As observed, the SEM results showed that the on surface of microspheres is smooth, with a spherical shape. In addition, the SEM results showed that the particle size of various PLGA formulations was distributed from 1–14 µm. These results proved that there was no significant difference in particle size of PLGA microspheres using the double-emulsion evaporation technique even though CD-EG was loaded into the particles. Apart from this, the SEM results also indicated the aggregation of PLGA microspheres after freeze drying, as shown in Figure 4d. This was explained by the formation of ice crystals and hydrophobic properties of PLGA0.85 possibly causing aggregation of the microspheres, which leads to the reduction of PLGA micro-particle resuspension [49]. One more time, the results of SEM demonstrated the success of the preparation of PLGA microspheres CD-EG complexes with spherical shape and micron-scale size.

3.6. Release Profile

The release of EG from PLGA microspheres loaded with/without CD-EG complexes were experimented in PBS solution (pH 7.4) incubated at 37 °C. The results are shown in Figure 5. The percentage release of EG from PLGA0.85-EG15, PLGA0.53-(CD-EG)15, and PLGA0.49-(CD-EG)15 versus the release time is illustrated in Figure 5a, and the cumulative amount of released EG is shown in Figure 5b.
In Figure 5a, the release profile of EG consists of two phases: the initial release and sustained release. In terms of the time for 50% of EG released from the PLGA microspheres, PLGA0.85-EG15 showed the initial release of 50% EG at the sixth hour, whereas the times for 50% EG released from PLGA0.53-(CD-EG)15 and PLGA0.49-(CD-EG)15 were 20 and 24 h, respectively. A sign of the burst release of EG from PLGA0.85-EG15 is explained by EG being relatively water-soluble as compared to the hydrophobic PLGA polymer. Therefore, low affinity of EG to PLGA led to the quick release of EG into PBS solutions. In terms of the total amount of EG released, 59.24% of EG was released from PLGA0.85-EG15, while that of PLGA0.53-(CD-EG)15 and PLGA0.49-(CD-EG)15 were 66.91% and 77.27%, respectively. The significant difference of release profiles among the three PLGA microspheres can be attributed to the function of β-CD in controlling the release rate of EG.
In Figure 5b, in terms of the cumulative amount of EG released at the end of the release experiment, it is obvious that PLGA0.85-EG15 can only release 14.33 μg/mL of EG. Conversely, PLGA0.49-(CD-EG)15 and PLGA0.53-(CD-EG)15 can release 261.17 μg/mL of EG and 129.67 μg/mL of EG, respectively. Such a significant difference in these two PLGA microspheres could be attributed to the ratio of LA and GA, where PLGA0.49 has a ratio of LA:GA = 50:50 and PLGA0.53 has a ratio of LA:GA = 75:25. There were reports for the effect of the LA/GA ratio on the hydrolysis of PLGA [50]. The more GA segment in the PLGA, the faster the hydrolysis can proceed.
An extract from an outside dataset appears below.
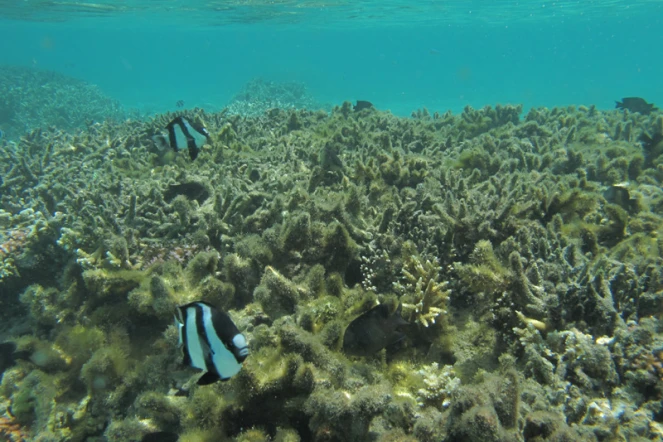 Récif corallien eutrophisé (l'eutrophisation est la modification et la dégradation d'un milieu aquatique-  Photo Vie océane)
Since PLGA with LA:GA = 50:50 is widely known as the fastest hydrolyzed polymer [51], PLGA0.49-(CD-EG)15 released more EG indicating the hydrolysis is the driving force of the release of EG from PLGA microspheres.
Accordingly, here are the factors influencing the release profiles: 1. diffusion, 2. intermolecular interaction between EG and β-CD; and 3. hydrolysis (affected by LA/GA ratio of PLGA). Apparently, diffusion is the major driving force for passive drug delivery systems (PLGA microspheres in the present study). However, β-CD, introduced to increase more EG dissolved in PLGA, was also found to affect the initial release of EG (Figure 5a) in the first 24 h of release experiment. When the release time was extended to 168 h (seven days), the hydrolysis of PLGA was accompanied by the release of EG. Since the hydrolysis of PLGA is determined by the LA/GA ratio, it turned out that the LA/GA ratio could greatly control the total amount of EG released from the PLGA microspheres (Figure 5b). This also concludes the biphasic release profiles as mentioned in the beginning of this section.

3.7. Cell Viability

After preparation and characterization, the resulting samples were tested by MTT assays to their effects on cell viability of microglial cells BV-2 at 1 mg/mL). The results in Figure 6 showed cell viability of various formulations of PLGA microspheres. As observed, various formulations of PLGA0.49-CD-EG did not influence on microglial cells BV-2 at 1 mg/mL, as compared with controls. Therefore, it proved that PLGA0.49-CD-EG at a concentration of 1 mg/mL is safe to BV-2 microglial cells.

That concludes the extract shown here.